▸ **WHAT IS NEEDED**
Repeat the data that follows exactly, starting at the line with "Much of the" and ending at the line with "The Submit Ticket", and leave out every picture.

▸ **INPUT DATA**
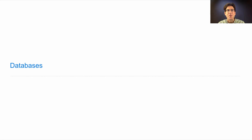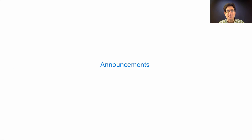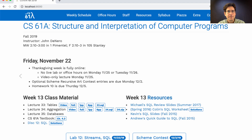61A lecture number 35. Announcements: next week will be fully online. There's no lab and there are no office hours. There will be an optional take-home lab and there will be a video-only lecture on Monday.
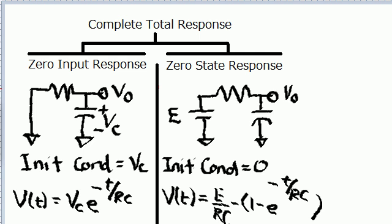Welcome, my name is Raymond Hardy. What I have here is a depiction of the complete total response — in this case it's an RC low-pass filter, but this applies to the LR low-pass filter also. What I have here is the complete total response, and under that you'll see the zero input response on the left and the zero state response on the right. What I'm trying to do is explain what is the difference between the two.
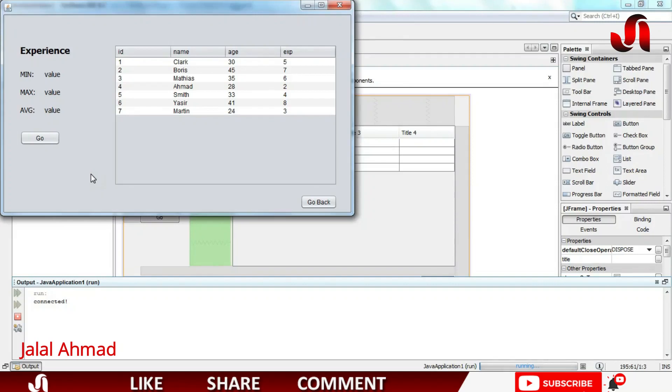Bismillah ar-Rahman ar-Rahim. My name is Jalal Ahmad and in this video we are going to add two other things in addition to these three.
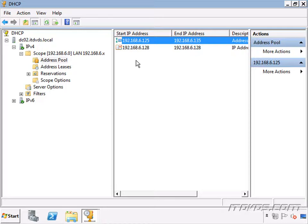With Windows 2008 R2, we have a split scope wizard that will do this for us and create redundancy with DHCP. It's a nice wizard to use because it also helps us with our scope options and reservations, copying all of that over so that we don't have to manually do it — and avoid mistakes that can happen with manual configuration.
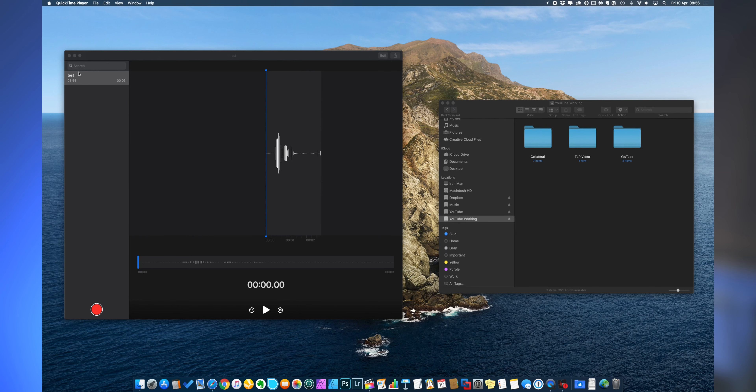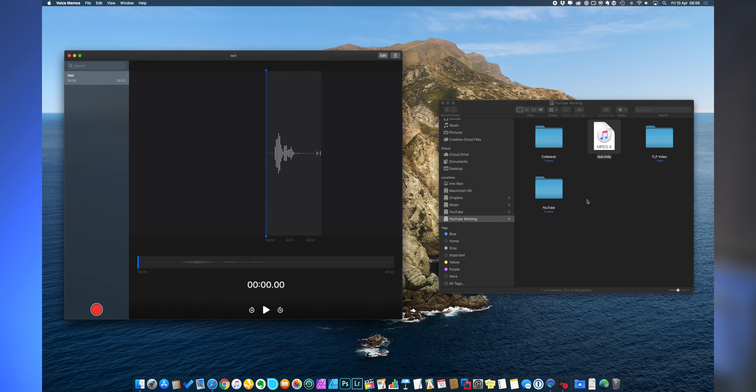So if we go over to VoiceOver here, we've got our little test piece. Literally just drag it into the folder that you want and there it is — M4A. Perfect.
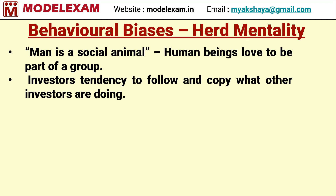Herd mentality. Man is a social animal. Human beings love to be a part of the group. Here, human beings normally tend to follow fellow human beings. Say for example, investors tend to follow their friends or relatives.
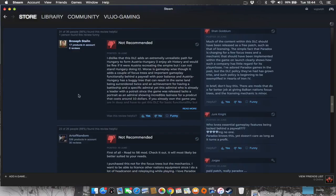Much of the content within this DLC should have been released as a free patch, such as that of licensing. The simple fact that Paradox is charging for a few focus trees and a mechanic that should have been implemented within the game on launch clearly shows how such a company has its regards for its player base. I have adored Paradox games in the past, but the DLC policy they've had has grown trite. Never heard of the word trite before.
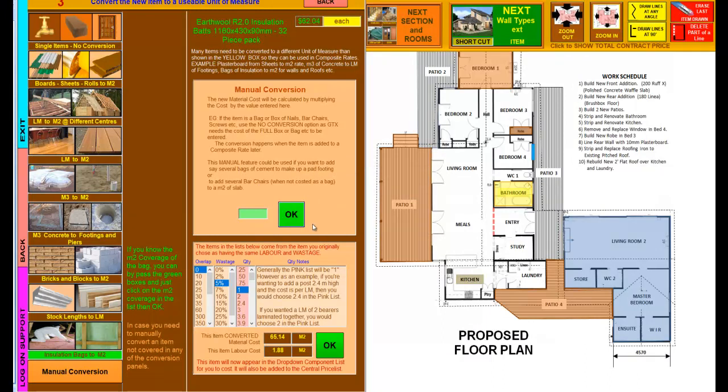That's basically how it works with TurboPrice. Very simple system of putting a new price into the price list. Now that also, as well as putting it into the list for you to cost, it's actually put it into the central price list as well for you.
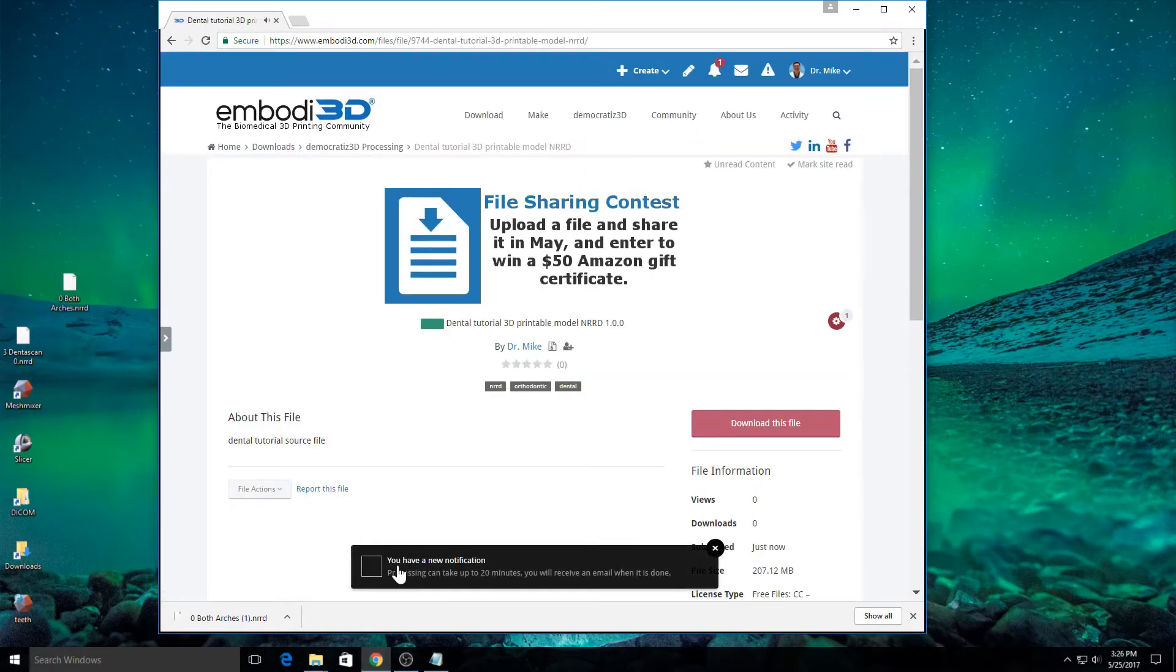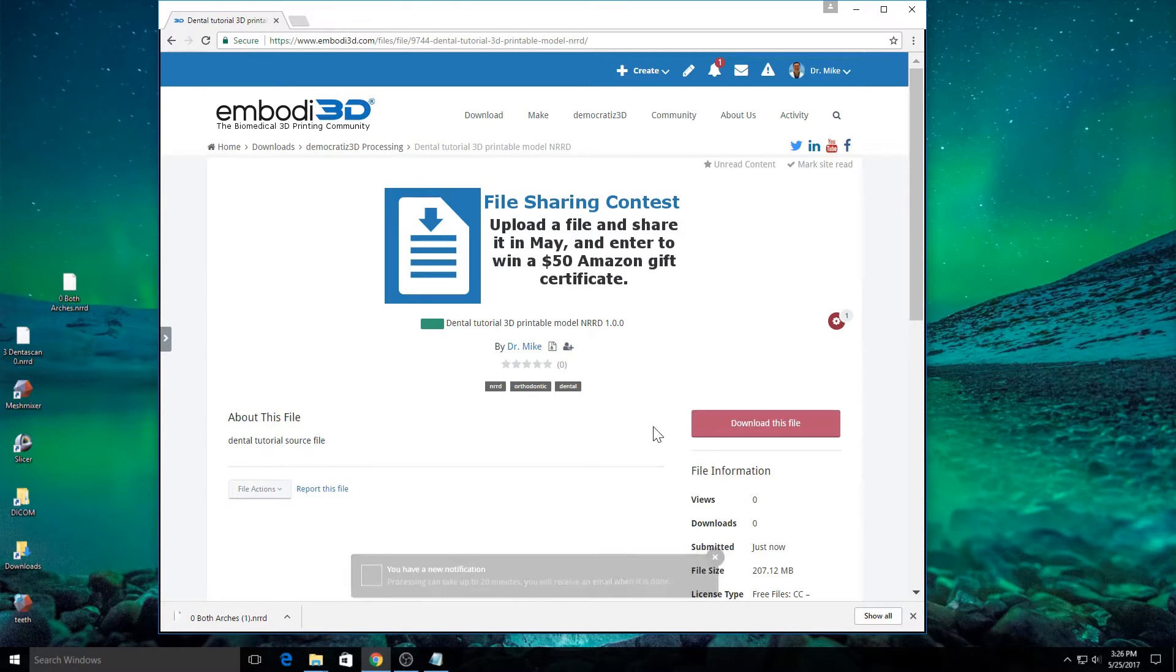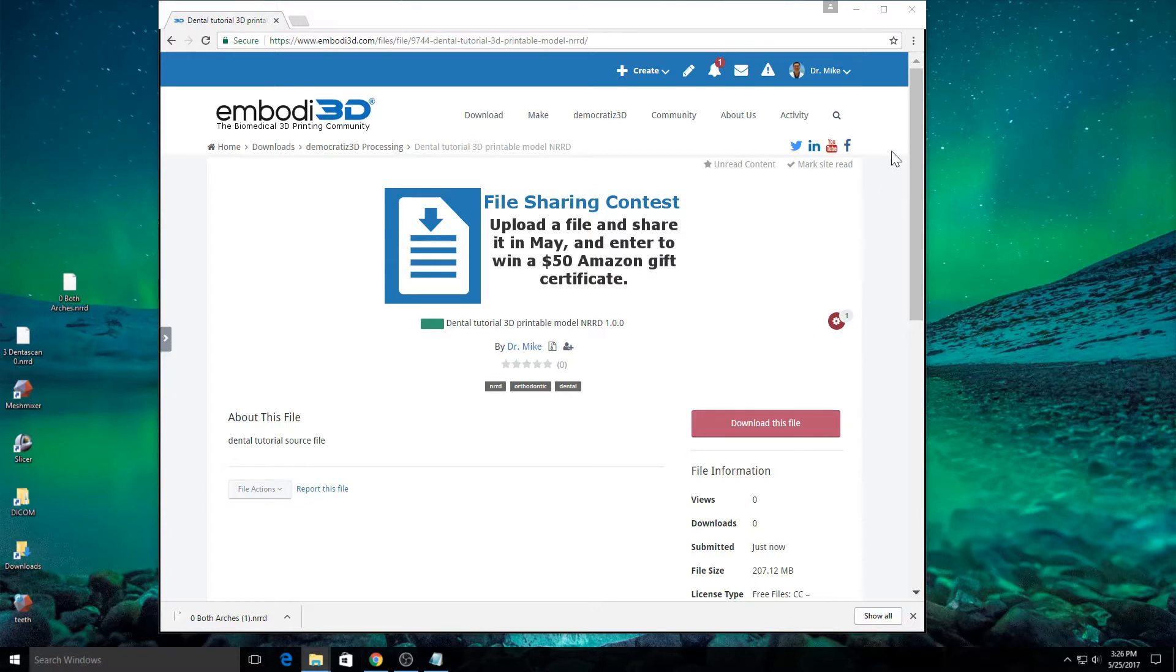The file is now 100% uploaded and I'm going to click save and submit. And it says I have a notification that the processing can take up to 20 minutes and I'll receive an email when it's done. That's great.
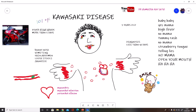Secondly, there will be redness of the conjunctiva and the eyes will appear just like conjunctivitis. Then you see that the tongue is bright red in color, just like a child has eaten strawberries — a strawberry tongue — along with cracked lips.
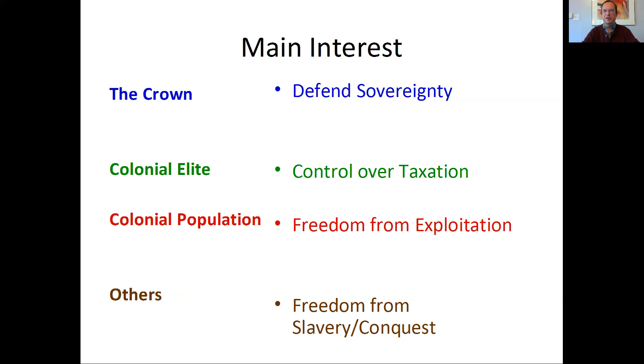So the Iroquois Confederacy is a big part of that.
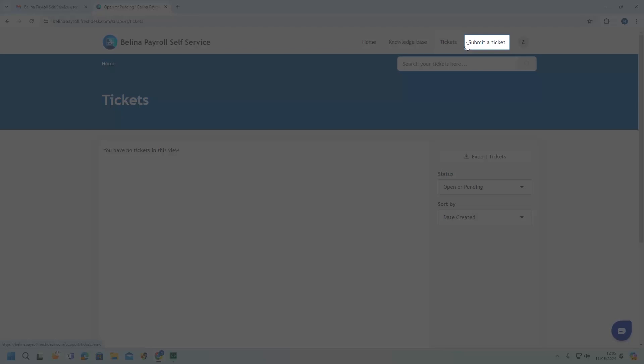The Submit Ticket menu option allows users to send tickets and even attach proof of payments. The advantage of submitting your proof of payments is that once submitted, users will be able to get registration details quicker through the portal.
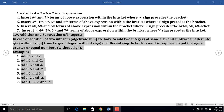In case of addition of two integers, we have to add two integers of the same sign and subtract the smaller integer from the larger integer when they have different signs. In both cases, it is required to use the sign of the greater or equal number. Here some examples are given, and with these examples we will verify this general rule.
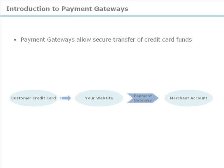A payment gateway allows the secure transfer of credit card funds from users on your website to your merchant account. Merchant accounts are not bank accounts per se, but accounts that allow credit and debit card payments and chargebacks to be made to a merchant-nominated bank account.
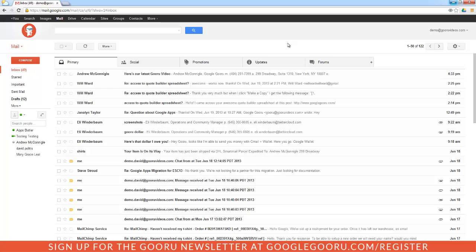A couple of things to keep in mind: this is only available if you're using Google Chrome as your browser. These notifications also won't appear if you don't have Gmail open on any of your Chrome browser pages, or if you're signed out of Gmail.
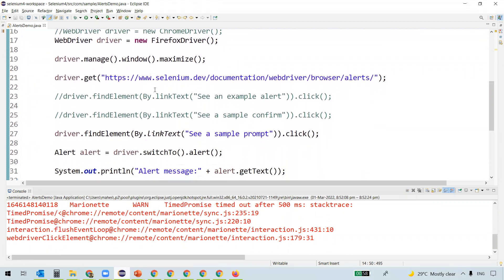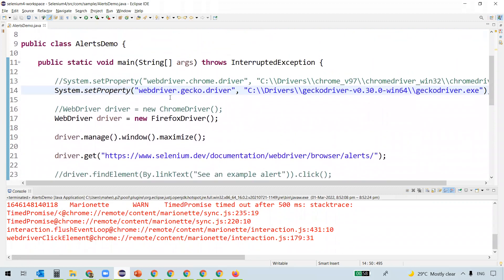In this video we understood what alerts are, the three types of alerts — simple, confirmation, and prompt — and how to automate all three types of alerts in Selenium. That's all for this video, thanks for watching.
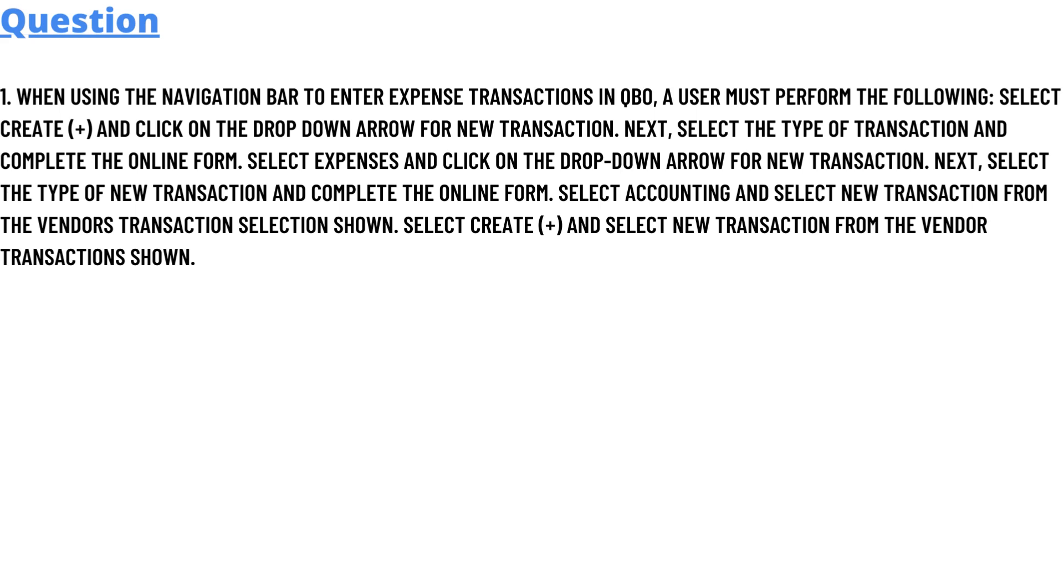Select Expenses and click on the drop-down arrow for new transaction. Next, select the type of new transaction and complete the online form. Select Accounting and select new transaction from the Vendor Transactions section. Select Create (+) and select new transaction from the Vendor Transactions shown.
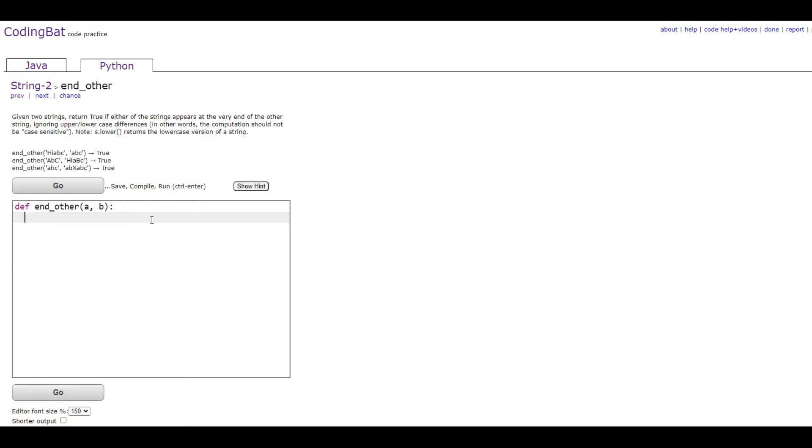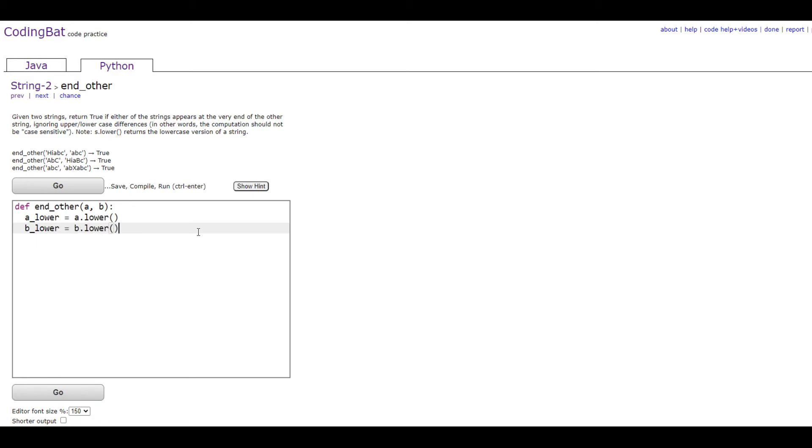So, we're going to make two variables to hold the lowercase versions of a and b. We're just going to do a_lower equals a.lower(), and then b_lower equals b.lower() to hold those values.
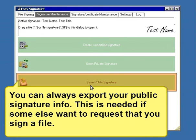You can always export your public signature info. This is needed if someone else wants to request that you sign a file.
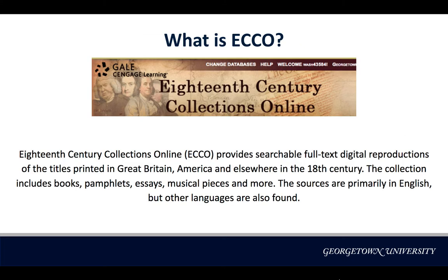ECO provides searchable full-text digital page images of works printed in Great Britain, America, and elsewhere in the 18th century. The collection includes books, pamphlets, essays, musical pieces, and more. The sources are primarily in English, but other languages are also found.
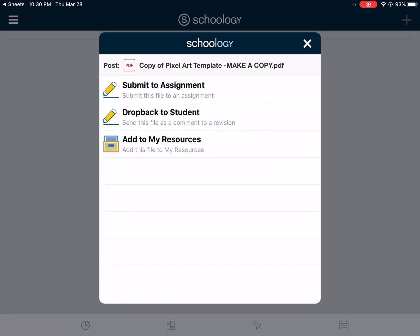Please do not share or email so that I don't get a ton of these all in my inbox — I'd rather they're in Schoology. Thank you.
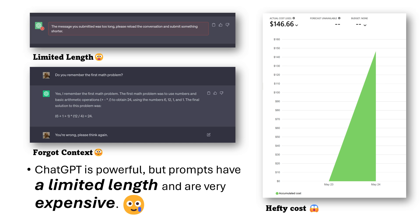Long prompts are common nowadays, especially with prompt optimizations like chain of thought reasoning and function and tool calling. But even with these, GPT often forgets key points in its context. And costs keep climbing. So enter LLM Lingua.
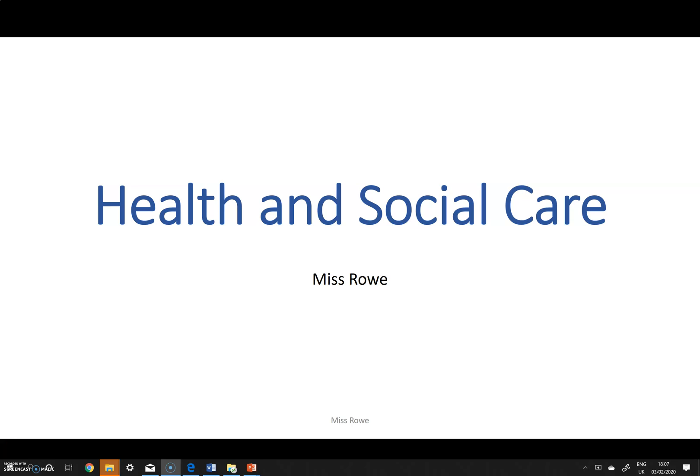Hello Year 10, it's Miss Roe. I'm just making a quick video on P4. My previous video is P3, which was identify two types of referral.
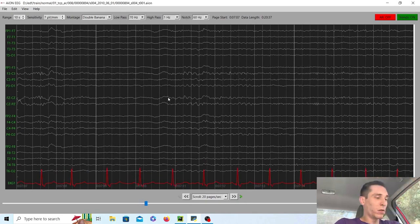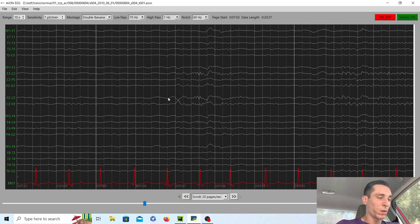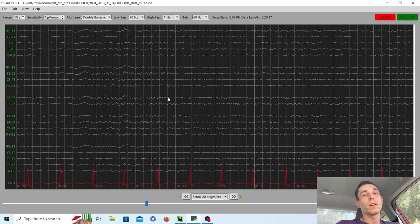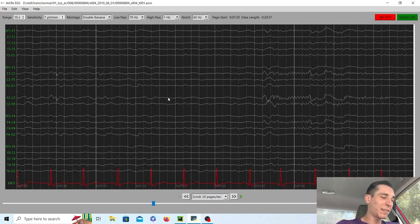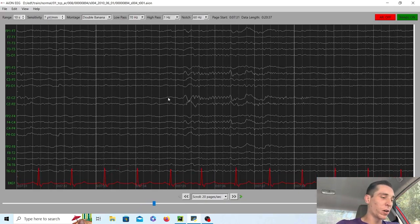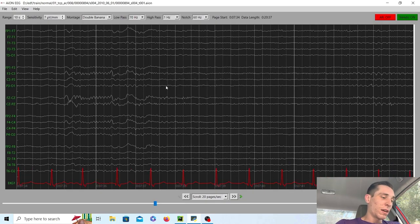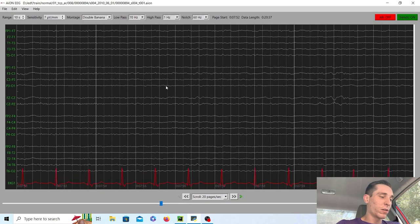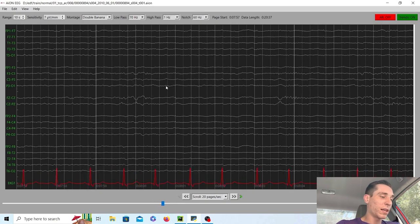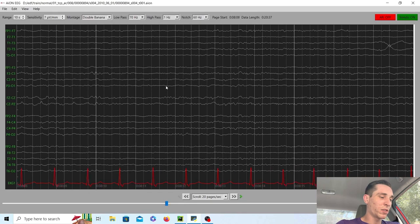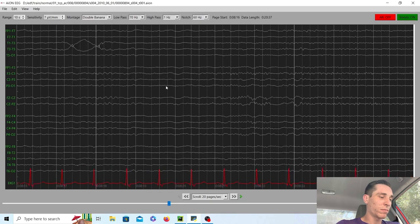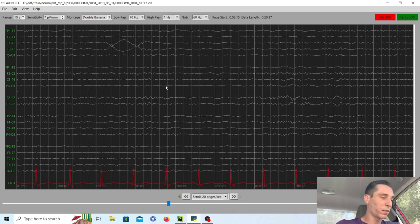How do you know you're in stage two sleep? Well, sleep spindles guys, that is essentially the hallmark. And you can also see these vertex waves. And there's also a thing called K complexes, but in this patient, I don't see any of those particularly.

▸ **SOLUTION TO THIS EXERCISE**
Much of the content within this DLC should have been released as a free patch, such as that of licensing. The simple fact that Paradox is charging for a few focus trees and a mechanic that should have been implemented within the game on launch clearly shows how such a company has its regards for its player base. I have adored Paradox games in the past, but the DLC policy they've had has grown trite. Never heard of the word trite before.
That's basically how it works with TurboPrice. Very simple system of putting a new price into the price list. Now that also, as well as putting it into the list for you to cost, it's actually put it into the central price list as well for you.
The file is now 100% uploaded and I'm going to click save and submit. And it says I have a notification that the processing can take up to 20 minutes and I'll receive an email when it's done. That's great.
Secondly, there will be redness of the conjunctiva and the eyes will appear just like conjunctivitis. Then you see that the tongue is bright red in color, just like a child has eaten strawberries — a strawberry tongue — along with cracked lips.
So the Iroquois Confederacy is a big part of that.
The Submit Ticket menu option allows users to send tickets and even attach proof of payments. The advantage of submitting your proof of payments is that once submitted, users will be able to get registration details quicker through the portal.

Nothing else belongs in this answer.